The Australian Competition and Consumer Commission has approved the takeover of gas pipeline giant APA Group by a CK Infrastructure-led consortium, subject to it divesting several assets in Western Australia.
The acquisition would not alter APA’s pre-existing dominance in Australian gas transmission “in a material way”, the ACCC said, adding there was no competition between APA’s existing eastern Australian assets and those owned by CKI.
APA Group accepted an unsolicited A$13 billion ($9.2 billion; €8.0 billion) takeover offer in August, which will see APA shareholders receive A$11 per share. CK Infrastructure Holdings is leading the takeover consortium, with support from CK Asset Holdings, a separate listed entity, and Power Asset Holdings, in which CKI owns a 38.01 percent stake.
APA Group owns and operates approximately A$20 billion of energy infrastructure, including 15,148 km of transmission pipelines and 28,600 km of gas mains and pipelines.
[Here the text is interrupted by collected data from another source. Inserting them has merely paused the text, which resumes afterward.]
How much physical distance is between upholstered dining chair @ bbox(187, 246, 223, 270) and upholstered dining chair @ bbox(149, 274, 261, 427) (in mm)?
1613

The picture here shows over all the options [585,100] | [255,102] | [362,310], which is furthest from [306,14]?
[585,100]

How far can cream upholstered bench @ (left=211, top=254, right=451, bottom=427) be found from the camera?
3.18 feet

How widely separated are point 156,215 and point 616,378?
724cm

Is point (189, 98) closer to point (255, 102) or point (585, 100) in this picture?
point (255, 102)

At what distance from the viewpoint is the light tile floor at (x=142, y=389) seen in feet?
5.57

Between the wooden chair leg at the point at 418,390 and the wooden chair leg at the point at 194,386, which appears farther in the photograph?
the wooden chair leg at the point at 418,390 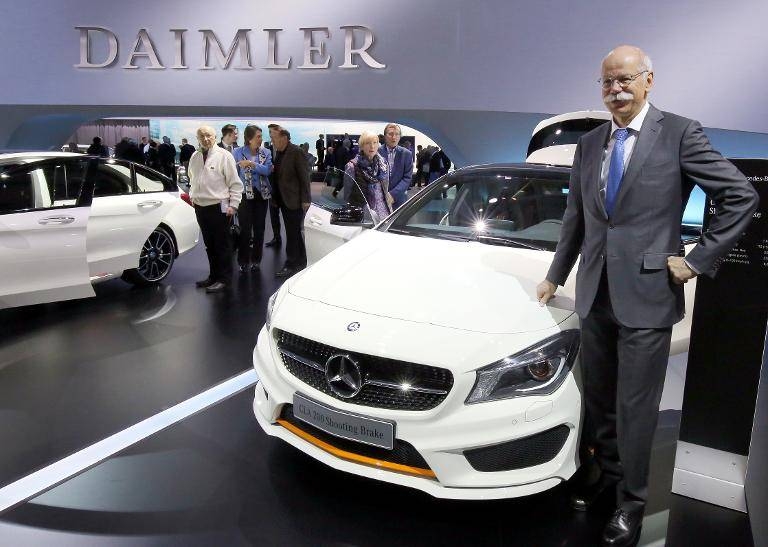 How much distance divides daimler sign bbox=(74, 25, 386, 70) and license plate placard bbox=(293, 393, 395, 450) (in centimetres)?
680

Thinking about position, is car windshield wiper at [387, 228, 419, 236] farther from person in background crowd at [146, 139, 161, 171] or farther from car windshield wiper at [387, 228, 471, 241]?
person in background crowd at [146, 139, 161, 171]

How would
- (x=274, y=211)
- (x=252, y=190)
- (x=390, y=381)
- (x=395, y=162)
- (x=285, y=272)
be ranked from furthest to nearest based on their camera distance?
(x=274, y=211) → (x=252, y=190) → (x=285, y=272) → (x=395, y=162) → (x=390, y=381)

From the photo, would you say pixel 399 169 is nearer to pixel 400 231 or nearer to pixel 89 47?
pixel 400 231

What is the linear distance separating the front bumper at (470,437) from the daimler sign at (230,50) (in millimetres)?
6960

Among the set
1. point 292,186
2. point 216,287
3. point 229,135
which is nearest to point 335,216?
point 216,287

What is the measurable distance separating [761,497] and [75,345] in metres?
3.83

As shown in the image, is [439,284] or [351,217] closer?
[439,284]

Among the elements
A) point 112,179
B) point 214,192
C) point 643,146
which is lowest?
point 214,192

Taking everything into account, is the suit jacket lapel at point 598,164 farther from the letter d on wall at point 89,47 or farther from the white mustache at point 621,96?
the letter d on wall at point 89,47

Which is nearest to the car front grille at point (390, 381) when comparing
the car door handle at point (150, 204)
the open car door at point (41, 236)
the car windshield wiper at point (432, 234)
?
the car windshield wiper at point (432, 234)

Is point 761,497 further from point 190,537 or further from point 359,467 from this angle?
point 190,537

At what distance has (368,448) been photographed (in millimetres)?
2186

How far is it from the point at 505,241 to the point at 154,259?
370 cm

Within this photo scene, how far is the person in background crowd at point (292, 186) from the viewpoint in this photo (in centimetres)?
598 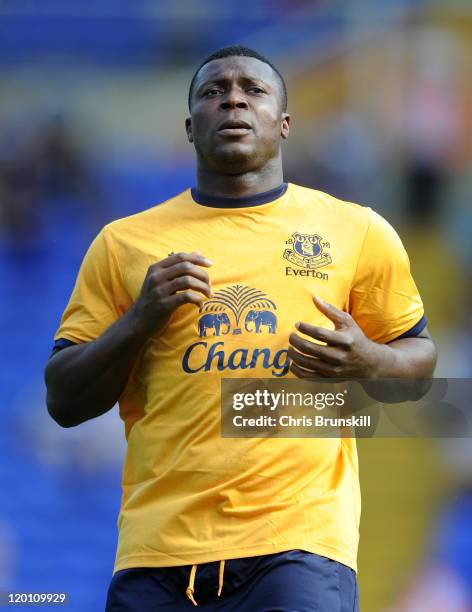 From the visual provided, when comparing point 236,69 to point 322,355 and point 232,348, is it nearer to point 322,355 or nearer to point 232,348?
point 232,348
It also has interests in gas storage and processing, and gas-fired and renewable energy power generation businesses located across Australia.
CKI pledged to sell a string of APA’s gas assets in Western Australia as part of its purchase offer, including the Parmelia Gas Pipeline, the Goldfields Gas Pipeline, the Kalgoorlie to Kambalda Pipeline and the Mondarra gas storage facility. This undertaking has assuaged the ACCC’s concerns about gas transmission and storage facilities in WA, the competition watchdog said.
“The undertaking addresses these concerns and creates an opportunity for a new operator to acquire a valuable set of assets, together with the personnel needed to operate and manage the assets. This will create an operator similar in size to the CK consortium’s current operations in Western Australia,” ACCC chairman Rod Sims said.
CKI plans to divest assets in WA as a standalone business and the buyer will also require ACCC approval, with that review to focus on the purchaser’s ability to be “an effective and long-term competitor for the development of new pipelines,” Sims said.
Market observers had speculated that CKI could also be forced to divest some of APA’s more valuable eastern Australian assets, but the ACCC saw no competition concerns in that region.
The ACCC also examined the impact that vertical integration between CKI’s gas distribution assets and APA’s transmission assets (the high-capacity pipelines servicing major population centres and feeding gas into the distribution network), and found that any possible bundling or information sharing would not harm competition, partly because the gas distribution assets are regulated.
The transaction must now be approved by the Foreign Investment Review Board and the federal government’s newly-created Critical Infrastructure Centre, which works alongside FIRB to develop national security risk assessments to aid decision-making. The deal is the first to be examined by the CIC, according to Australian media reports.
FIRB approval remains a major hurdle and a refusal would not be unprecedented – new prime minister Scott Morrison blocked a joint bid from CK Infrastructure and China’s State Grid Corporation to take over New South Wales electricity distributor Ausgrid when he was treasurer in 2016 over national security concerns. CKI subsequently acquired the DUET Group, also through an unsolicited bid.
The Australian Treasury, on behalf of both FIRB and CIC, said it was unable to comment on the application of the foreign investment screening arrangements as they apply or could apply to particular cases.